Readings: Hebrews 1:1-6; Psalm 97; Mark 1:14-20
As in Matthew and John, Mark tells us that the arrest of John the Baptist is the signal for the beginning of Jesus' public ministry. He has been active before that, as a kind of disciple of John (or so it would seem looking on from the outside), but once he hears of John's arrest things change quickly and radically: he withdraws from Judea into Galilee, and his own work of preaching, healing, and exorcism gets under way.
There is a strong contrast in Mark's gospel between the preaching of the Baptist and the preaching of Jesus. John preached a baptism of repentance for the forgiveness of sins. Jesus preaches the gospel of God, the fulfillment of time, and the imminence of the kingdom of God. It is time to repent and to believe in the gospel.
What has come between the preaching of John and the preaching of Jesus is Jesus' baptism and his temptation in the wilderness, both described briefly but profoundly by Mark. The opening of the heavens at the baptism is the answer to an ancient prayer of Israel that God would open the heavens, intervene, visit his people, come down, save them. Mark tells us that this prayer of Israel is answered in the moment of Jesus' baptism: the Spirit comes from the opened heavens to anoint Jesus while the Father's words, accompanying the Spirit's anointing, recognise him as the beloved Son with whom the Father is well pleased.

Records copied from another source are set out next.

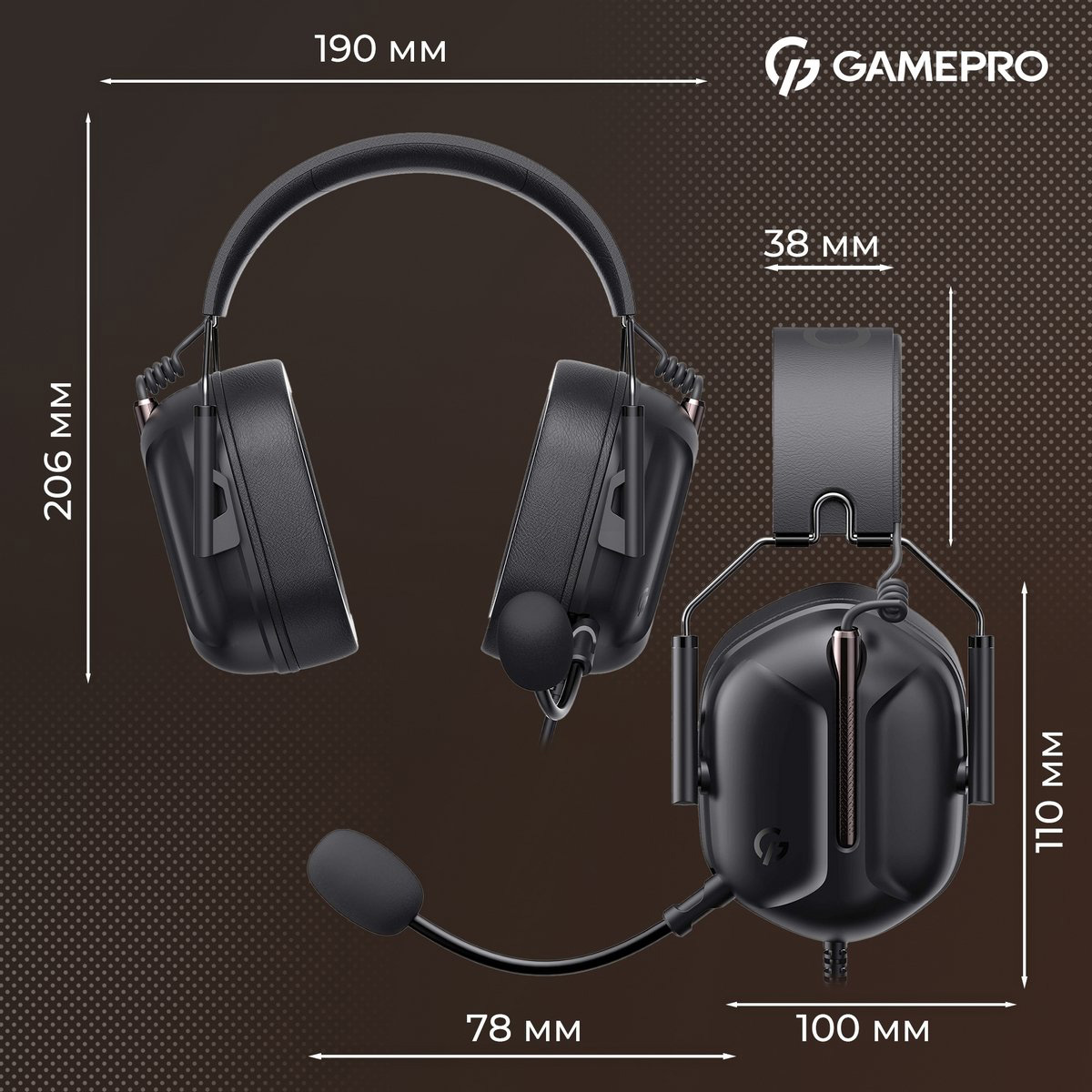 Навушники геймерскі GAMEPRO Genesis Hunter Black (HS1350B)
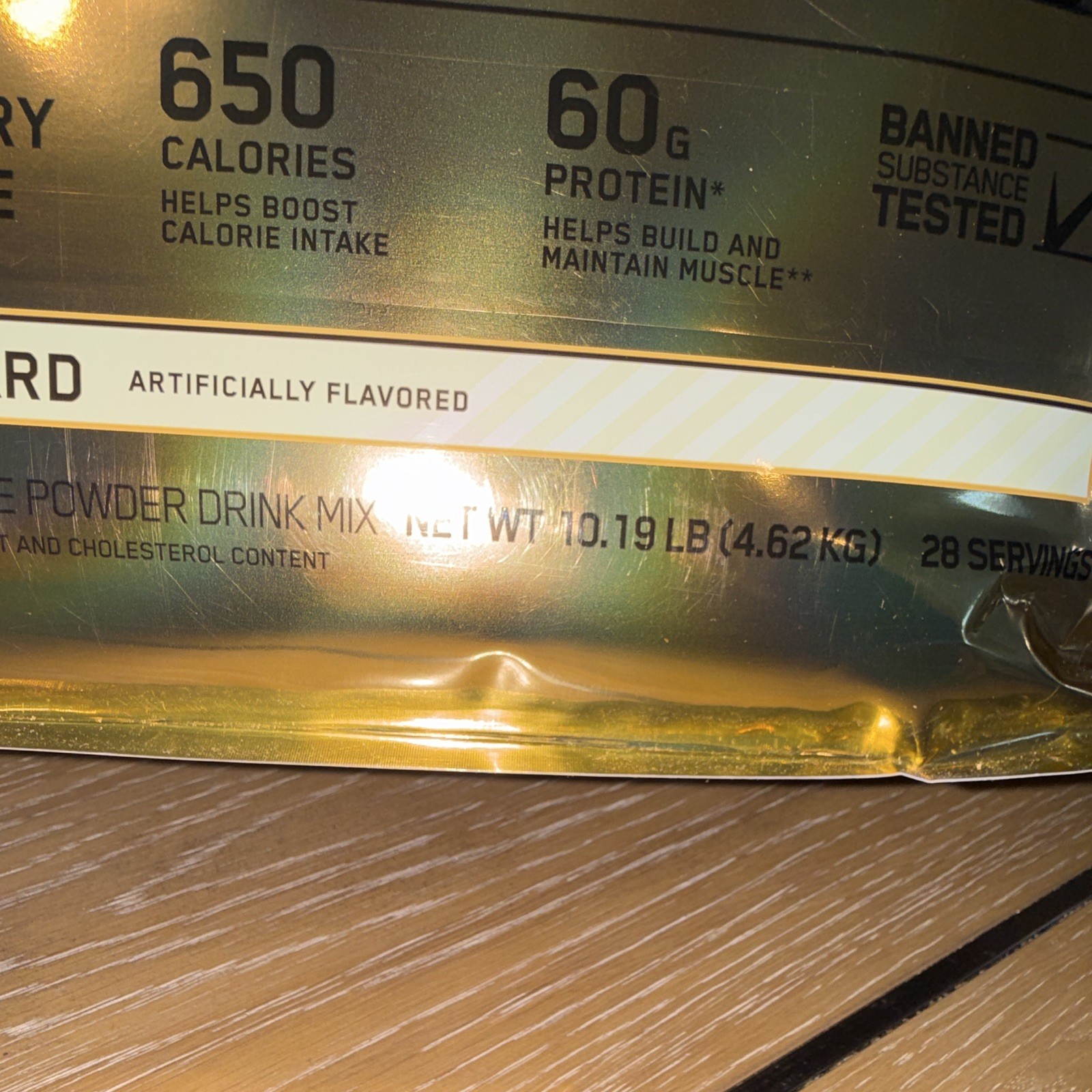Optimum Nutrition Gold Standard Pro Gainer High Protein Vanilla Custard 10.19 lb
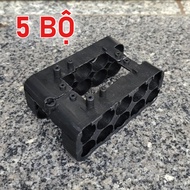 Combo of 5 sets of frames and zinc 5s2p 10 cells 18V 21V good thick type used to fix 5s 18650 5s2p 5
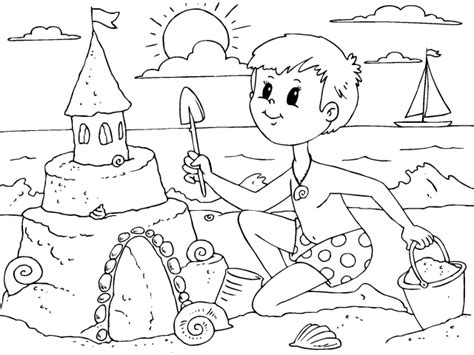 Dibujos de verano para imprimir y pintar | Colorear imágenes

Jesus is now established in his identity. It happens at the level of his divine nature (if we can put it like this) in his baptism. And it happens at the level of his human nature in his temptation in the desert. There, as Mark describes it, the Son of God (Mk 1:1), is the centre of creation, tempted by the devil as Adam and Eve were, he is with the wild beasts as prophecies foretold about the child who would lead the people into the kingdom, and the angels ministered to him as was promised for God's chosen one in the psalms.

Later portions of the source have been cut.